I have a list (with dictionaries inside) and I want to know how many different domains are inside it.
I have something like this:
list = [
{'url': 'https://stackoverflow.com/questions', 'number': 10},
{'url': 'https://stackoverflow.com/users', 'number': 40},
{'url': 'https://stackexchange.com/tour', 'number': 40},
{'url': 'https://stackexchange.com/whatever/whatever', 'number': 25}
]
The desired result would look like this:
unique_domains = [
{'url': 'https://stackoverflow.com'},
{'url': 'https://stackexchange.com'}
]
Or maybe just:
unique_domains = ['stackoverflow.com', 'stackexchange.com']
Both would be OK, so whatever is easier or faster I guess.
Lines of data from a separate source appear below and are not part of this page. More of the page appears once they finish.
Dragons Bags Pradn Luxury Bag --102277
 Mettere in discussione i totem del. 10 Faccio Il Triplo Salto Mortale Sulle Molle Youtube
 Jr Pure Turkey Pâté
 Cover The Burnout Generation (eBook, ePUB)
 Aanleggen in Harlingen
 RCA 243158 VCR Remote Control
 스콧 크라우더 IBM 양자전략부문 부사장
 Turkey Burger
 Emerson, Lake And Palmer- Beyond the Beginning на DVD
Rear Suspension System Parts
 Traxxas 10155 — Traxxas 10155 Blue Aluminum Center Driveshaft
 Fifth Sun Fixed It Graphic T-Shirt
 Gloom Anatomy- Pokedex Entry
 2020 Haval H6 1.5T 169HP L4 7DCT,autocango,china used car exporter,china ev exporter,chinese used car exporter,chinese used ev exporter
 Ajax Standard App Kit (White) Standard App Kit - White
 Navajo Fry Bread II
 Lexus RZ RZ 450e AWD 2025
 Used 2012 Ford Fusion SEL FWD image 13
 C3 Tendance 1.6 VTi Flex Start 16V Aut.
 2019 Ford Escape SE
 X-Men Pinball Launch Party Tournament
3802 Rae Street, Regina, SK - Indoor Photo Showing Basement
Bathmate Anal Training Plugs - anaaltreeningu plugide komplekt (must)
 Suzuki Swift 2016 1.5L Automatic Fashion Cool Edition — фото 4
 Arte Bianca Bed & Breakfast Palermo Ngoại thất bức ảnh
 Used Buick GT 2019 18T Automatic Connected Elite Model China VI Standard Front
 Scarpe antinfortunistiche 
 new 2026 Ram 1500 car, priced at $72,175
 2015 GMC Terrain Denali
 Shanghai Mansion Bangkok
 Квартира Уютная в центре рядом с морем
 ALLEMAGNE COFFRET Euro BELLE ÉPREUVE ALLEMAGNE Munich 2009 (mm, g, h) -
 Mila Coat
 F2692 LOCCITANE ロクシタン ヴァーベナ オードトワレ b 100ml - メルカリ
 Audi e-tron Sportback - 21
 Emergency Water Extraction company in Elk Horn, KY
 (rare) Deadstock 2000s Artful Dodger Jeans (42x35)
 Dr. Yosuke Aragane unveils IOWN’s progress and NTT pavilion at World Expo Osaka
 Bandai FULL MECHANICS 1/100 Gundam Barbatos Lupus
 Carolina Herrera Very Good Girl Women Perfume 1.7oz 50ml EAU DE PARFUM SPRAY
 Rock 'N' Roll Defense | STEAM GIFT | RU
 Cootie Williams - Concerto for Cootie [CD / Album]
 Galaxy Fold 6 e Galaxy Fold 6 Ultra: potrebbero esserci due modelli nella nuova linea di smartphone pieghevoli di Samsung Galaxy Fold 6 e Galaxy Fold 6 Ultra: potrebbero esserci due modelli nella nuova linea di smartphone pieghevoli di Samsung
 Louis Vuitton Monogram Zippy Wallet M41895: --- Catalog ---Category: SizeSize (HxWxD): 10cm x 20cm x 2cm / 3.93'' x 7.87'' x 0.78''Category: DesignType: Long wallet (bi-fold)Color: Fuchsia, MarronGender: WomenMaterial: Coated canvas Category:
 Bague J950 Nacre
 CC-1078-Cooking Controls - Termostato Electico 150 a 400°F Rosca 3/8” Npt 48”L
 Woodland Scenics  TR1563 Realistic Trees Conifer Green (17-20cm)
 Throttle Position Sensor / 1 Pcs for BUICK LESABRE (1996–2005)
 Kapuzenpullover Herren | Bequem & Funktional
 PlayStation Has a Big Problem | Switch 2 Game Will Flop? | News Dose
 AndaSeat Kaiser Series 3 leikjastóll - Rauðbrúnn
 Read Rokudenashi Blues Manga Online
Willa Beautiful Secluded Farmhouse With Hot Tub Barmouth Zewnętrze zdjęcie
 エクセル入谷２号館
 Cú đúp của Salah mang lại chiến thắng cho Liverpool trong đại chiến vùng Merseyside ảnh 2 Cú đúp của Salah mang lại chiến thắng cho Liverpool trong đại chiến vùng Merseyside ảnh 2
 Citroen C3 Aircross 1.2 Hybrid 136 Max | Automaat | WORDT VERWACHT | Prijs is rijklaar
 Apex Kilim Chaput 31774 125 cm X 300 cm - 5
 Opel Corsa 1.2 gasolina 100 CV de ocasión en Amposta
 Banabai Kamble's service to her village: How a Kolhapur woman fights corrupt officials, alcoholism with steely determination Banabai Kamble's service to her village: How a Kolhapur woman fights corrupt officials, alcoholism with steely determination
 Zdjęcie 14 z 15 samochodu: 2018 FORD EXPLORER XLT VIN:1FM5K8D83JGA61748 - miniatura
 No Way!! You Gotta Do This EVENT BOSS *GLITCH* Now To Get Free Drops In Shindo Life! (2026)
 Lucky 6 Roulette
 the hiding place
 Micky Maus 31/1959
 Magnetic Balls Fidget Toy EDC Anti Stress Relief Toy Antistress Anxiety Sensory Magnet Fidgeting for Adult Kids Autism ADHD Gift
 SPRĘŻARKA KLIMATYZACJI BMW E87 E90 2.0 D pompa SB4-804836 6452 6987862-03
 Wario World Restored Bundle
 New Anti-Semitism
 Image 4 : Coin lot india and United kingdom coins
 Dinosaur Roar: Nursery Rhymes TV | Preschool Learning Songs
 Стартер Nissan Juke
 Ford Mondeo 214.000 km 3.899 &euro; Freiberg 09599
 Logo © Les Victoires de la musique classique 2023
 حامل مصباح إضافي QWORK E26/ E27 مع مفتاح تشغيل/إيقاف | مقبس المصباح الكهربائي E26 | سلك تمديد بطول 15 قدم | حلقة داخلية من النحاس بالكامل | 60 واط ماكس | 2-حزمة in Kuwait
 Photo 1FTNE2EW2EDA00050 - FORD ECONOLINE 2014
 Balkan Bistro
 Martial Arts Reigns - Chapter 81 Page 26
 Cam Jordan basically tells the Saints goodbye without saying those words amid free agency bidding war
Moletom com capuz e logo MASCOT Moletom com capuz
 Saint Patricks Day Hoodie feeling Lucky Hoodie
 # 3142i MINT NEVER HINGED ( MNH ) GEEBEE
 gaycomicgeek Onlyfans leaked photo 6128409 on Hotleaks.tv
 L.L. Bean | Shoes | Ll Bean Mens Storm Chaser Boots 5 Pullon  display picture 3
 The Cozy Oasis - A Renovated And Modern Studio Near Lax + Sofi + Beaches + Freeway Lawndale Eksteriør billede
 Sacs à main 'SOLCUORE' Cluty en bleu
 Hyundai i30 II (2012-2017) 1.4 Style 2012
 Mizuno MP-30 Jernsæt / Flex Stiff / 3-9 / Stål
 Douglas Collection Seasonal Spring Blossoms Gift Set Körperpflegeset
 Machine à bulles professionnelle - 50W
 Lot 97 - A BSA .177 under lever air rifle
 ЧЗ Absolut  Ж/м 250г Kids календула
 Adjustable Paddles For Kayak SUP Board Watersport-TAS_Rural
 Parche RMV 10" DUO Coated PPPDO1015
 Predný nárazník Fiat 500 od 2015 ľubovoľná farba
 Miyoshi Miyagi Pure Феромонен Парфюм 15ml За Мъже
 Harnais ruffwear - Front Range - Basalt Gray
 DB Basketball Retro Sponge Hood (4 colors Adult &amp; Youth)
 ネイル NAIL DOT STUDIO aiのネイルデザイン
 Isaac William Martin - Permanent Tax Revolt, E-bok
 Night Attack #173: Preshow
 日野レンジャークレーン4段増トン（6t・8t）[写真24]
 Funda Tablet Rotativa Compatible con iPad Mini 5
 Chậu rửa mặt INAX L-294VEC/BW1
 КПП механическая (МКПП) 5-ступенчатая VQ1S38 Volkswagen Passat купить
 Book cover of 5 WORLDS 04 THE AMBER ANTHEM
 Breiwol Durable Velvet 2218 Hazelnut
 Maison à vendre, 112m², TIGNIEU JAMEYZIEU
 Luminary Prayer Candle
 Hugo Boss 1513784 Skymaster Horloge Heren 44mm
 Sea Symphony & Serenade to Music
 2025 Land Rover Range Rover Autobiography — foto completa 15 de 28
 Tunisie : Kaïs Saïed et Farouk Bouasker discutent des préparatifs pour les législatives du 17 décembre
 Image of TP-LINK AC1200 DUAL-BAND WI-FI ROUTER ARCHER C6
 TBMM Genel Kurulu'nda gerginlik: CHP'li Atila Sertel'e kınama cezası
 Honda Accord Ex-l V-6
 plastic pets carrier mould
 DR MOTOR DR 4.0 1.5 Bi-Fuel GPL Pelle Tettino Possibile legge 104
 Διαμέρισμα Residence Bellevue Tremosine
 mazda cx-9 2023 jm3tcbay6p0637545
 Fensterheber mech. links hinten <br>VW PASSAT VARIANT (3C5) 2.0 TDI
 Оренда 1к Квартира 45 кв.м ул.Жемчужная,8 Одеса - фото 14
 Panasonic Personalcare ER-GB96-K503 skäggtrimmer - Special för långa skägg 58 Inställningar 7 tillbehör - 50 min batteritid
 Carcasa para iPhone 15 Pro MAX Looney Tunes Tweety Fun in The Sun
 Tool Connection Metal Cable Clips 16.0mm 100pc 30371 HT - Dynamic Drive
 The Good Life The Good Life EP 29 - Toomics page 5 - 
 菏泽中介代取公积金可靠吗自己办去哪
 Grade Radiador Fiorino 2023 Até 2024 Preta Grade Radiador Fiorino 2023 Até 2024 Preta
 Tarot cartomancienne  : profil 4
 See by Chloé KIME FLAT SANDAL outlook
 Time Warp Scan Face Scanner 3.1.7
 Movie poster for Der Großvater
I think I could use Regex for this, but maybe there are more pythonic and/or efficient ways to do this?
Thanks!
CodePudding user response:
You can use urllib.parse.urlparse
(from standard library) together with set comprehension (to avoid duplicates):
from urllib.parse import urlparse
unique_domains = {urlparse(item['url']).netloc for item in given_list}
If you need, you can convert set
to list
via list(unique_domains)
. This is more reliable than regex solution.
(please don't call variable list
, it shadows useful builtin).